_What to produce_. The listing below contains a span that opens with the line containing "BRLN 003 Brown" and closes with the line containing "Women's High Waisted". Return that span exactly.

_Provided data_.
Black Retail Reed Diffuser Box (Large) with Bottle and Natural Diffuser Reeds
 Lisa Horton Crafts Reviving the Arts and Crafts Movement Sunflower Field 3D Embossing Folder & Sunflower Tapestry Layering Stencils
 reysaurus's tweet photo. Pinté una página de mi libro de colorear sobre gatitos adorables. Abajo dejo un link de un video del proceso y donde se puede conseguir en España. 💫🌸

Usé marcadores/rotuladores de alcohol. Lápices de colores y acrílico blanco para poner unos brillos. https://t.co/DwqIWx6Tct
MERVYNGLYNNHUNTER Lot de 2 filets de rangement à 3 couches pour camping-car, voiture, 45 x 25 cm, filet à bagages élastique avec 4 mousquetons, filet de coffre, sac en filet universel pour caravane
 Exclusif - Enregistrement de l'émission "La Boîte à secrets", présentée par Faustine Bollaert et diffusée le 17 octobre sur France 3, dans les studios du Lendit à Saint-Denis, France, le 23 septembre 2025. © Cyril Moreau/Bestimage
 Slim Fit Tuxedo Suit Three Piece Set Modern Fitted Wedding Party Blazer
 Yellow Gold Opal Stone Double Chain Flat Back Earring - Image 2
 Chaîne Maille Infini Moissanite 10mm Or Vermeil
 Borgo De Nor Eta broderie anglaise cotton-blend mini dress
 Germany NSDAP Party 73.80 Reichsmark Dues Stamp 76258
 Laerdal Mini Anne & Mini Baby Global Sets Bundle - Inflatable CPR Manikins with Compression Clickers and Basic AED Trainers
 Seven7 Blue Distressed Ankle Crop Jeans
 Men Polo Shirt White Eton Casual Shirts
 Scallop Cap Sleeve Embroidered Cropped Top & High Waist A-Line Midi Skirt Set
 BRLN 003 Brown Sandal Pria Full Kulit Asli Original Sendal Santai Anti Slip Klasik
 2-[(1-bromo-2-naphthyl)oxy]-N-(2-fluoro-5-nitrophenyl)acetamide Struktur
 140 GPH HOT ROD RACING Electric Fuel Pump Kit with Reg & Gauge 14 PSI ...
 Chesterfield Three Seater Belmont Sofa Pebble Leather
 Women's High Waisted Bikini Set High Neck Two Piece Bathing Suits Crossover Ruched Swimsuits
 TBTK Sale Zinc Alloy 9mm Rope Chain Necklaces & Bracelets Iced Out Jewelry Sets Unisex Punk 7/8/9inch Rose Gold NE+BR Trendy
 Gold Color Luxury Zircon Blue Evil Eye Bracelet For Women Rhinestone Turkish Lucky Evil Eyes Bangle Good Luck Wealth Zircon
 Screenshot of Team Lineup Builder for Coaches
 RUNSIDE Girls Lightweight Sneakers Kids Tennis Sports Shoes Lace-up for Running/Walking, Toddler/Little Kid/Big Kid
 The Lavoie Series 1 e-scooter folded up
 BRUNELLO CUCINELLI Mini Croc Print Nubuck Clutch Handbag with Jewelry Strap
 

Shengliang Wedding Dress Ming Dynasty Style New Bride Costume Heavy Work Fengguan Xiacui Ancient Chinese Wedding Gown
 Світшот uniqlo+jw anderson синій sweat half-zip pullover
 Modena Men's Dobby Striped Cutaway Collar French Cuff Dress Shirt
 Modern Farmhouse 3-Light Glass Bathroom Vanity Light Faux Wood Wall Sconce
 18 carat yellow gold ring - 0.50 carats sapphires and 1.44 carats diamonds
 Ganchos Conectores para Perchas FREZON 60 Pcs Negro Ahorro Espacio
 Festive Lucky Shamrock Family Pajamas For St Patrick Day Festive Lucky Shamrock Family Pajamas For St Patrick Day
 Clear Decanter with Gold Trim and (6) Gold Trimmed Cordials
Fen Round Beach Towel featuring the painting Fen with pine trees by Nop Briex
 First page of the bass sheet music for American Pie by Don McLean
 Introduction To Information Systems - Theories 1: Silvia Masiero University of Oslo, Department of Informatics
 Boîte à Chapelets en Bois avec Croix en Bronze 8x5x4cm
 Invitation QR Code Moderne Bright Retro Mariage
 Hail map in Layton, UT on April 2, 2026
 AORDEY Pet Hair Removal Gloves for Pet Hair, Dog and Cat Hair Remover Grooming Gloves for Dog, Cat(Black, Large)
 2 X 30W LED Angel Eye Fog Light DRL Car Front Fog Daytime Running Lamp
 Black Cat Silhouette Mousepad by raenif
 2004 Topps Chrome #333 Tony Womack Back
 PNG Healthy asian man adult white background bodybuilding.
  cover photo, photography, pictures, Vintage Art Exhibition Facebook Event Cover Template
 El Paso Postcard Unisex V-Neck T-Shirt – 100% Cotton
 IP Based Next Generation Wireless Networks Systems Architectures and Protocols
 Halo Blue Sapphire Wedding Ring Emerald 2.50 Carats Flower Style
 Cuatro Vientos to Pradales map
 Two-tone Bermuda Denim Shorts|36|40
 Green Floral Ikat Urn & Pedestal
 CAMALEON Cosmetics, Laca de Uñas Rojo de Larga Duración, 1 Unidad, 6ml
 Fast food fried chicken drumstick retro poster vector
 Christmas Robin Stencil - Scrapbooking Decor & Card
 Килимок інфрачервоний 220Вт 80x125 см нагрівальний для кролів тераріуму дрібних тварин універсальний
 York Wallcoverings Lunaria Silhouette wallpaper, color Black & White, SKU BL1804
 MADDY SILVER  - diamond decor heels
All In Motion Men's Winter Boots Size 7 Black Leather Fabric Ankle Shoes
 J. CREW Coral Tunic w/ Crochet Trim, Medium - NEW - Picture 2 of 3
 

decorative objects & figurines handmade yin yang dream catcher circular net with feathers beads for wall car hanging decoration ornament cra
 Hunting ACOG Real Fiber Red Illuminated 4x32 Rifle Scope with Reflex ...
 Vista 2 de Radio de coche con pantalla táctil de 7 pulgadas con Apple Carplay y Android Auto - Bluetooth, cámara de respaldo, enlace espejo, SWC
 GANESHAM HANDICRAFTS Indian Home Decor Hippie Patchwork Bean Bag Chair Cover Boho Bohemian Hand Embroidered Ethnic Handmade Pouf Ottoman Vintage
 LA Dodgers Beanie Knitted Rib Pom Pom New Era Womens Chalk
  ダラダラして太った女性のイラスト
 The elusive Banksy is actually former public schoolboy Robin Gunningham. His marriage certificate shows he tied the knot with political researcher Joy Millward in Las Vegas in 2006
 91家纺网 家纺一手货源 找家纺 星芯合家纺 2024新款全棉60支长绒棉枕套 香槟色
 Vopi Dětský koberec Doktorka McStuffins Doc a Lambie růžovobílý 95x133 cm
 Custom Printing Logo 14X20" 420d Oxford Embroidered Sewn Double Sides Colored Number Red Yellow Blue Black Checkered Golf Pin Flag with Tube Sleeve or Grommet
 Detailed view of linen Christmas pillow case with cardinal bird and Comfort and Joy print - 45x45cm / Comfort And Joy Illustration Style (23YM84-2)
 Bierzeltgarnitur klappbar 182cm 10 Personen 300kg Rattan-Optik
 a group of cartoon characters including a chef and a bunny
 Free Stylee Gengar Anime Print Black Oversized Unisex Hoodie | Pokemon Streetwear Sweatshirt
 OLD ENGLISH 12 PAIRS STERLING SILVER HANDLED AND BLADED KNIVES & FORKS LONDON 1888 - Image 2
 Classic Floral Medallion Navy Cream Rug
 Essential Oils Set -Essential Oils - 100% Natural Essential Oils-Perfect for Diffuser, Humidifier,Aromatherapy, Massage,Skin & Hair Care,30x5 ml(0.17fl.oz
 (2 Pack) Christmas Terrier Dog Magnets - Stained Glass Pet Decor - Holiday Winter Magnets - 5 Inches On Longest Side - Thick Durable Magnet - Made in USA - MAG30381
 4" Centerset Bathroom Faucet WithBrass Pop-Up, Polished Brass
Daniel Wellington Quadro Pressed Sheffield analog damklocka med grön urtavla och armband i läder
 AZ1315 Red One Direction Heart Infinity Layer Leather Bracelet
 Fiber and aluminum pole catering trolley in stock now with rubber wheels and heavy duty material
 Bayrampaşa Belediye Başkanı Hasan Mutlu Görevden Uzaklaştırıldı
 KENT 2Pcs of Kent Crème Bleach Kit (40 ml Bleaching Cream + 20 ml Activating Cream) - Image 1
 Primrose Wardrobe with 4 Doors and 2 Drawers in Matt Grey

_Task output_.
 BRLN 003 Brown Sandal Pria Full Kulit Asli Original Sendal Santai Anti Slip Klasik
 2-[(1-bromo-2-naphthyl)oxy]-N-(2-fluoro-5-nitrophenyl)acetamide Struktur
 140 GPH HOT ROD RACING Electric Fuel Pump Kit with Reg & Gauge 14 PSI ...
 Chesterfield Three Seater Belmont Sofa Pebble Leather
 Women's High Waisted Bikini Set High Neck Two Piece Bathing Suits Crossover Ruched Swimsuits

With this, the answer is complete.